Pathkey.AI Limited (ASX: PKY) is an Australian technology company with a proprietary large language model platform, TrialKey. The TrialKey Platform has an internal data-processing pipeline capable of ingesting large volumes of unstructured information, extracting key attributes and generating features suitable for downstream machine learning and AI models.
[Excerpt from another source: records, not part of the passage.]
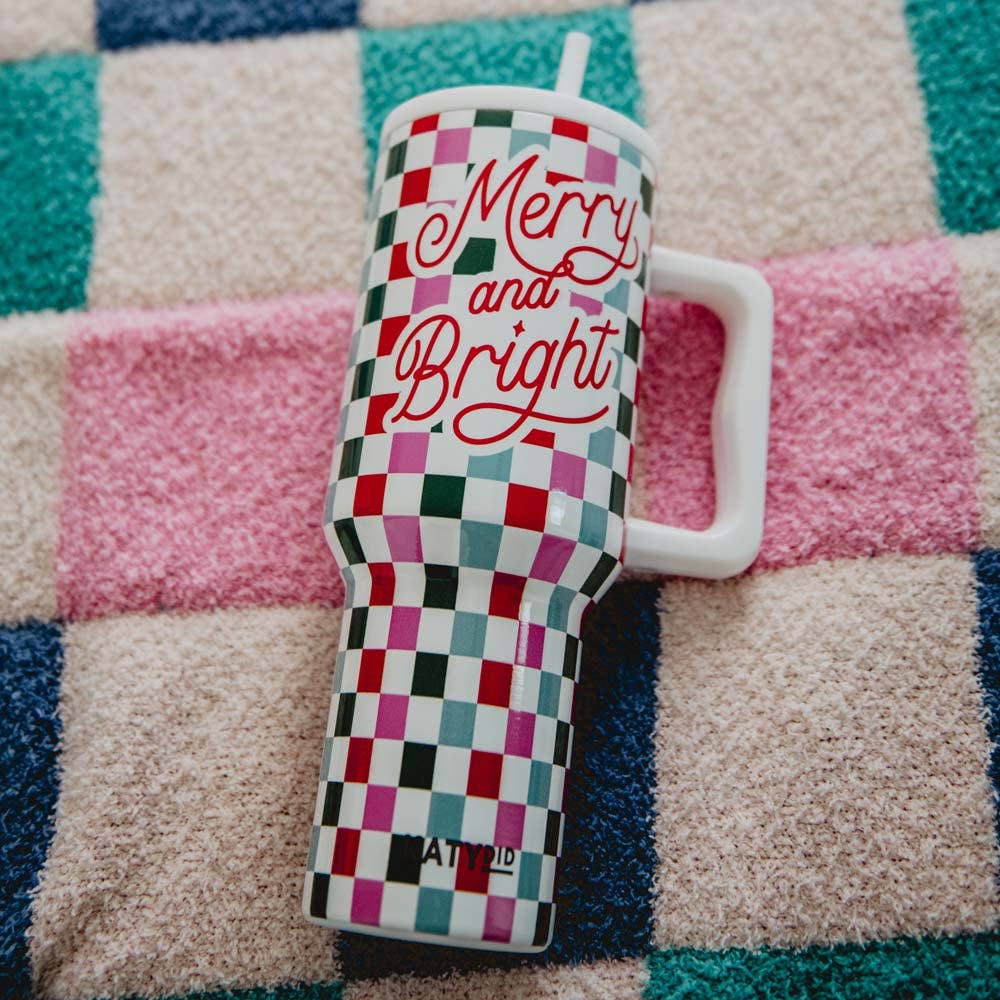 Merry & Bright Checkered Christmas Tumbler Cup w/ Handle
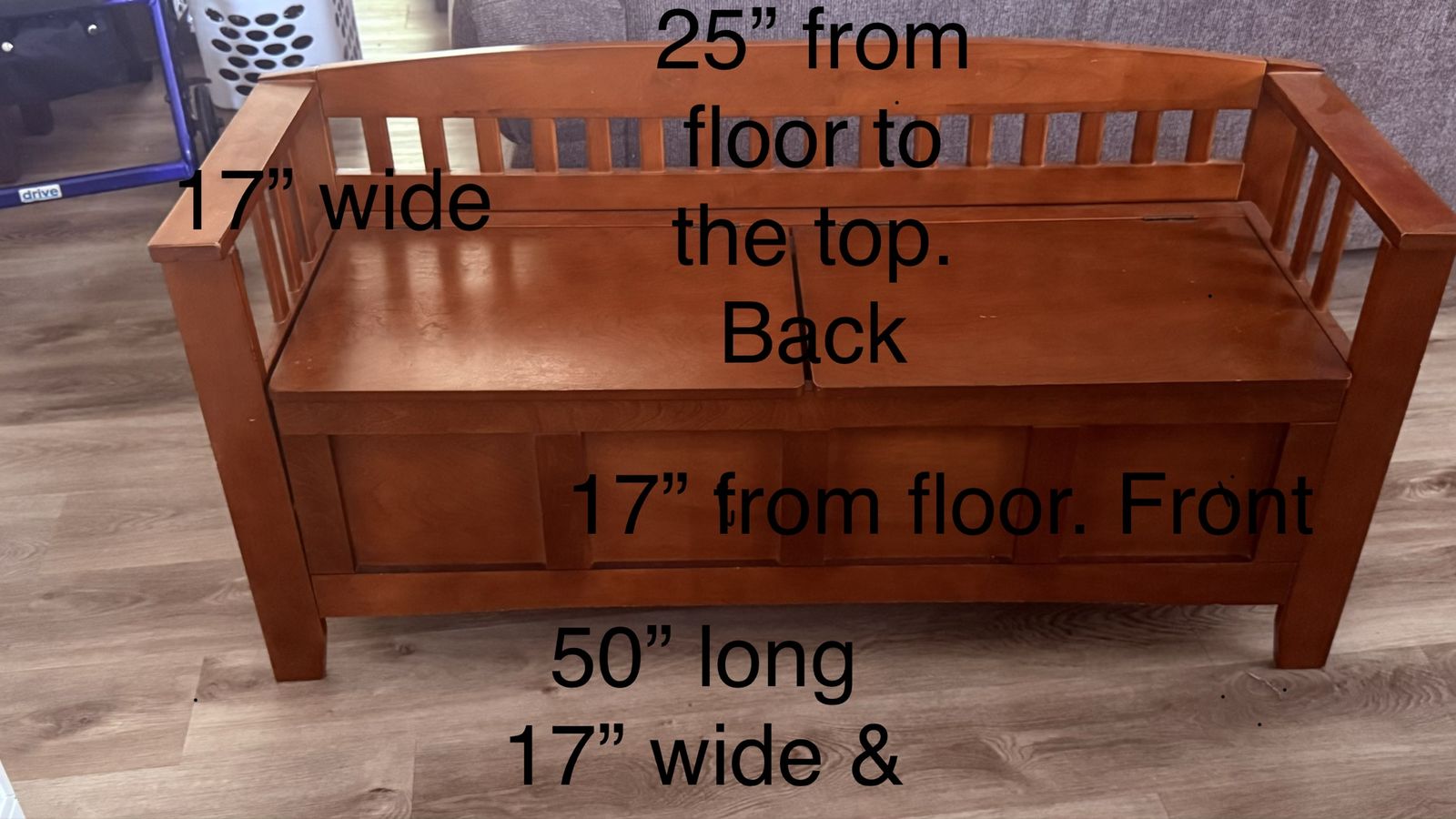 Wooden Blanket Chest / Storage Bench - 50" Long, 25" Tall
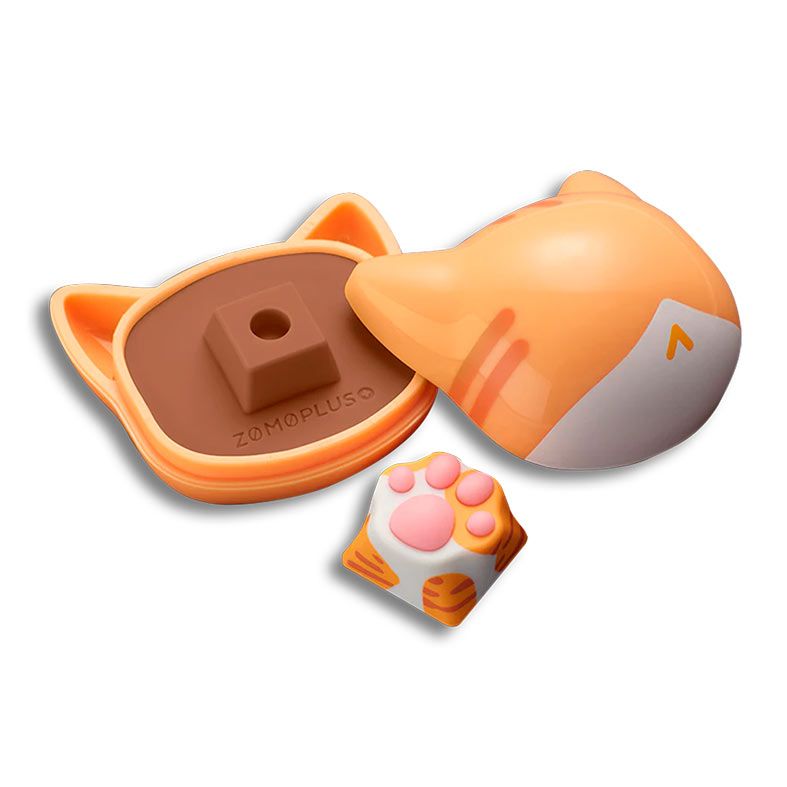 Keycap Gamer Zomoplus Kitty Paw Orange Cat, ABS e Silicone, ZOMO-ORANGE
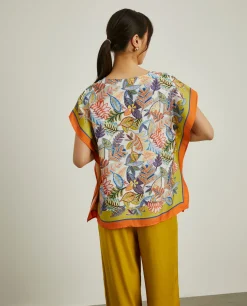 Blusa estilo poncho com padrão tropical|LION OF PORCHES Outlet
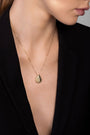 Nik Jewellery Astra gold vermeil pear diamond pendant necklace worn on neck, showing size and length.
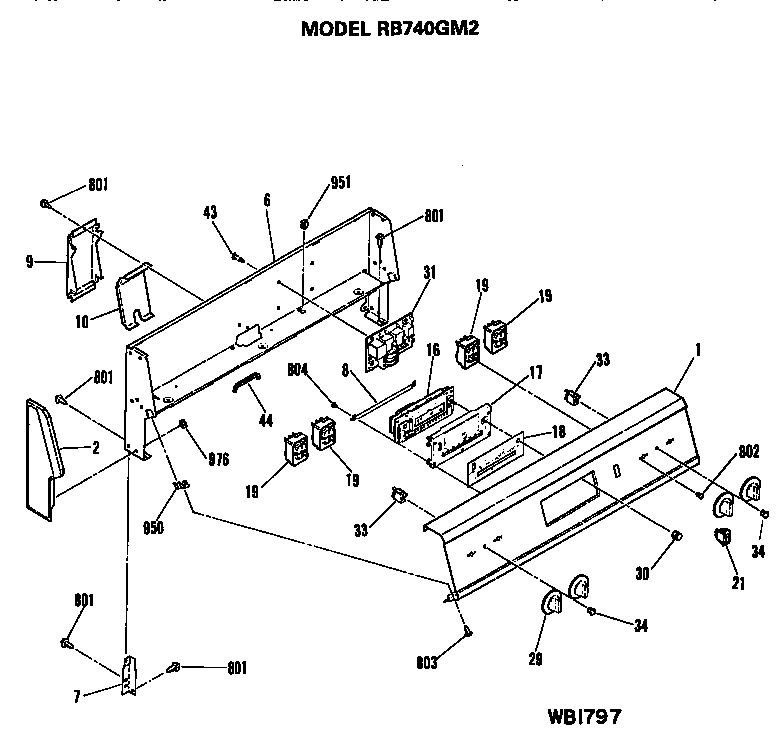 Hotpoint RB740GM2 control panel diagram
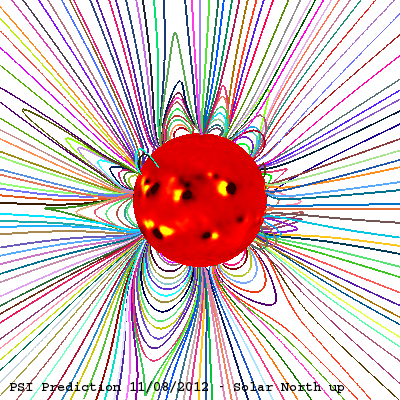 Field Line Prediciton Solar North Up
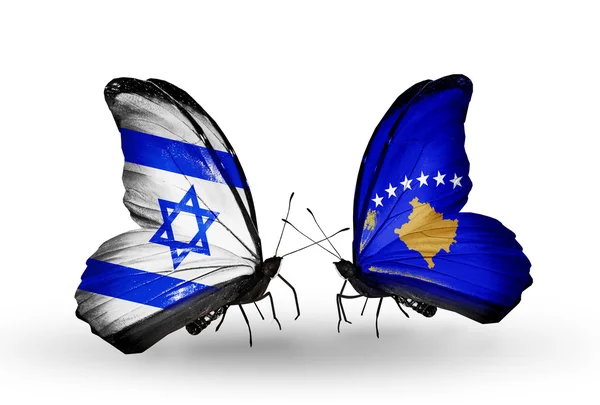 Two butterflies with flags on wings as symbol of relations Israel and Kosovo — Stock Photo, Image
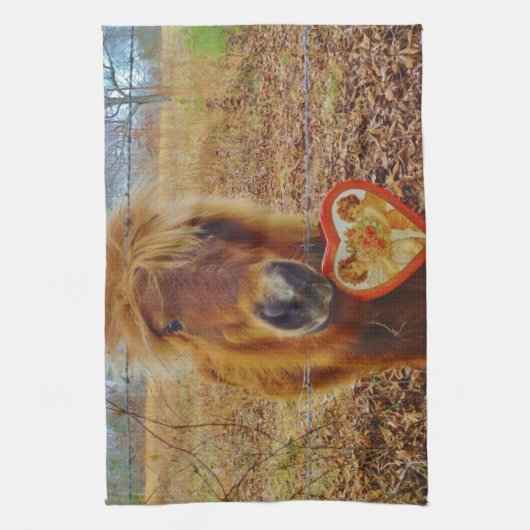 Valentijn Heart Miniatuur brown Horse Theedoek (Verticaal)
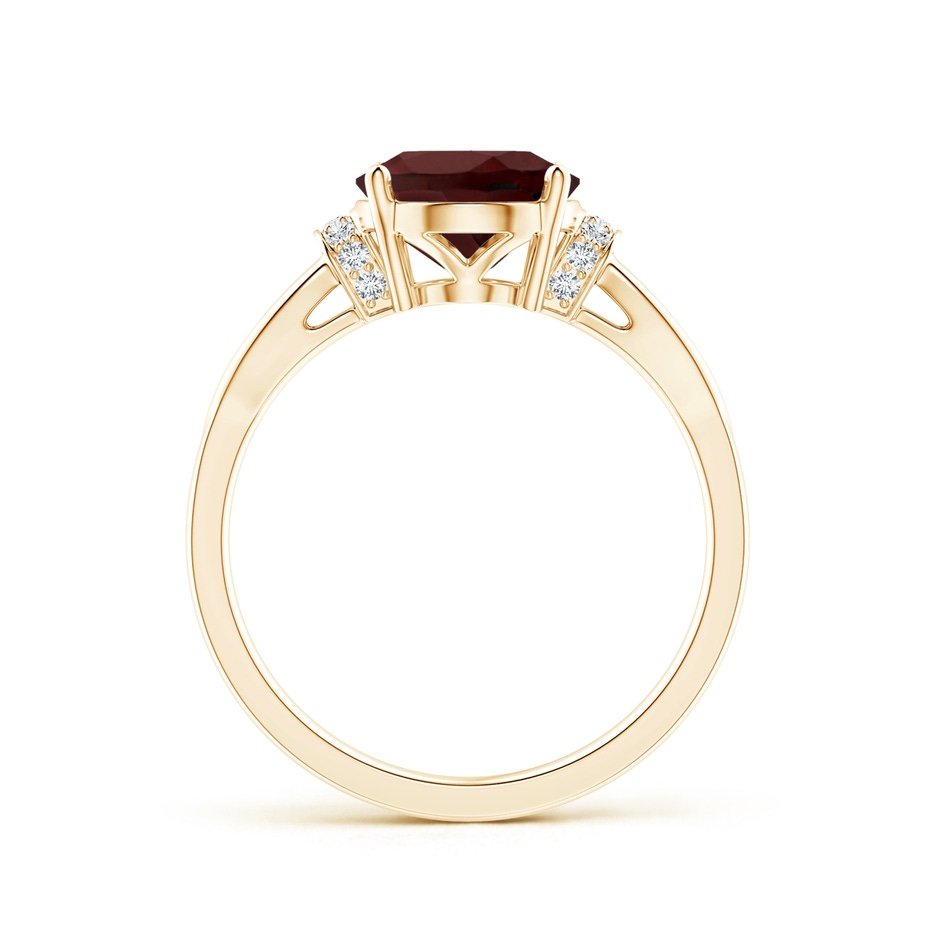 10x8mm AA Solitaire Garnet Split Shank Ring with Diamonds in Yellow Gold side-1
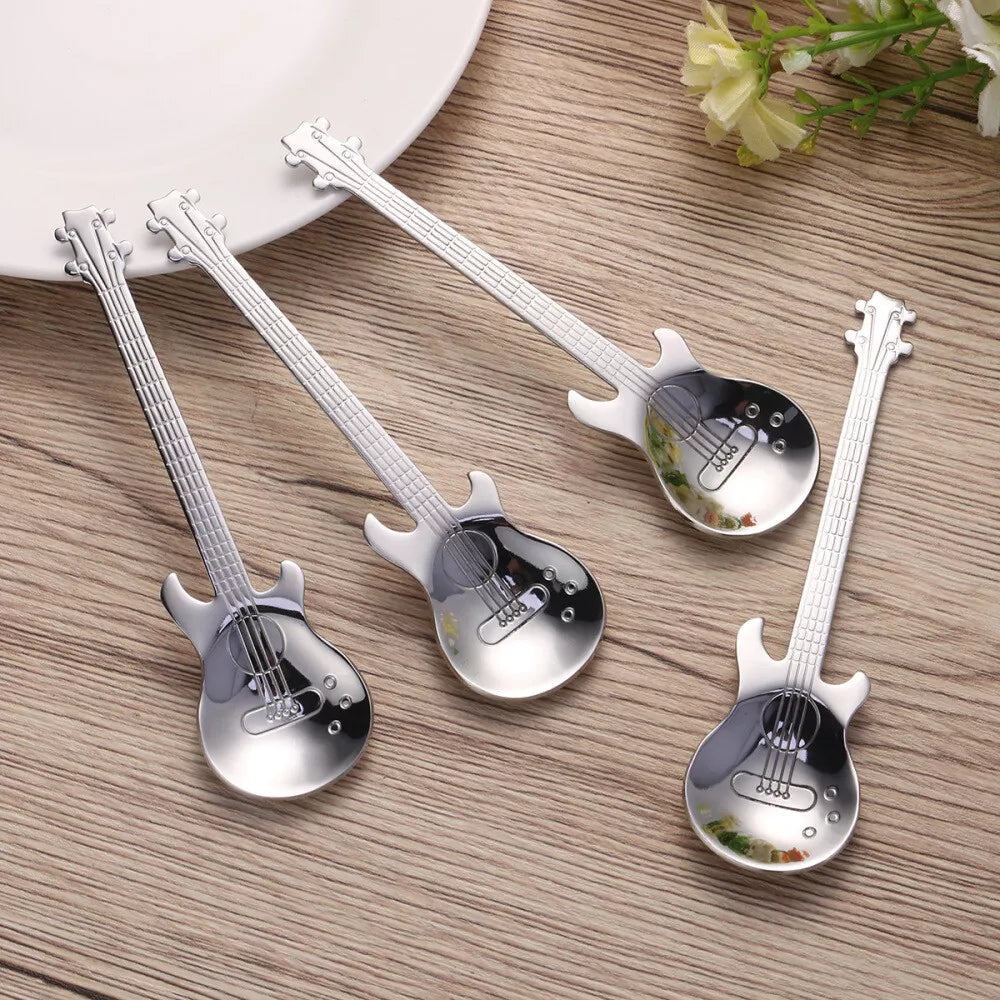 8 pcs Guitar Coffee Spoon Stainless Steel Coffee Mixing Spoon Cold Drink Tea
TrialKey's architecture is domain agnostic and designed to support complex design and optimisation challenges across multiple sectors.


Schedule 1 – Material terms of the Agreement

Clause Summary
Option Pathkey has an exclusive Option to acquire 100% of the issued capital of Chipforge, exercisable within two months of the date of the Agreement by written notice to Chipforge (Option Period), which may be extended by a further two months on payment of an extension fee of $200,000. During the Option Period, Pathkey is entitled to conduct confirmatory due diligence on Chipforge and the Chipforge assets
Consideration The aggregate consideration for the Acquisition comprises:
(a) 560,000,000 Consideration Shares at a deemed issue price of A$0.022 per share, to be issued to the Chipforge Stakeholders;
(b) 150,000,000 Performance Rights, to be issued to the Chipforge Stakeholders (refer to page 3 for the applicable vesting milestones), (together, the Consideration Securities).
In addition to the issue of the Consideration Securities, the Company will repay on or around Completion up to A$500,000 of principal debt owing under the Chipforge convertible notes (Chipforge Debt).
Conditions Precedent Subject to Pathkey exercising the Option, Completion is conditional on the satisfaction (or waiver as permitted under the HOA) of the following conditions precedent within 45 days of Option exercise:
(a) Due diligence: completion of financial, legal and technical due diligence by Pathkey on Chipforge and its assets, to the satisfaction of Pathkey;
(b) ASX approvals: Pathkey having obtained the required ASX approvals and confirmations in respect of the Acquisition;
(c) Shareholder approval: the Company’s shareholders approving the issue of the Consideration Securities under ASX Listing Rule 7.1 and, if required, the Corporations Act;
(d) Regulatory approvals: the parties obtaining all other necessary regulatory approvals and waivers;
(e) Ntutive consent: Chipforge obtaining Ntutive’s consent to the change of control of Chipforge;
(f) No liabilities: Chipforge having, or being in a position to have at Completion (subject to Pathkey satisfying its obligation in respect of the Chipforge Debt), no liabilities, debts, loans or other encumbrances;
(g) Ancillary Documents: execution by all relevant parties of the ancillary documents required to five effect to the Acquisition, including minority holder agreements, deeds of waiver and release from parties entitled to be issued Chipforge shares and the declaration of trust and nominee shareholder agreement referred to below.
Nominee arrangement Following Completion, the Residual Shares will be held beneficially on behalf of the Company by the Nominee, pursuant to a declaration of trust in favour of the Company and a nominee shareholder agreement, under which the Company will have a right to revoke the trust and to direct the transfer, voting and dividend rights attaching to the Residual Shares.

Director nomination right The Chipforge board (as at the date of the Agreement) has the right, exercisable at any time within 12 months of Completion, to nominate one representative of Chipforge to be appointed as a non-executive director of the Company, subject to the nominee not being disqualified to act as a director under the Corporations Act or the ASX Listing Rules and to the receipt of customary consents and supporting documentation. No such nomination has been made at the date of this announcement.

The HOA otherwise contains customary terms and conditions for an agreement of its kind, including with respect to exclusivity, confidentiality, together with warranties and indemnities given by Chipforge and the majority holders of Chipforge in favour of Pathkey, subject to customary limitations of liability.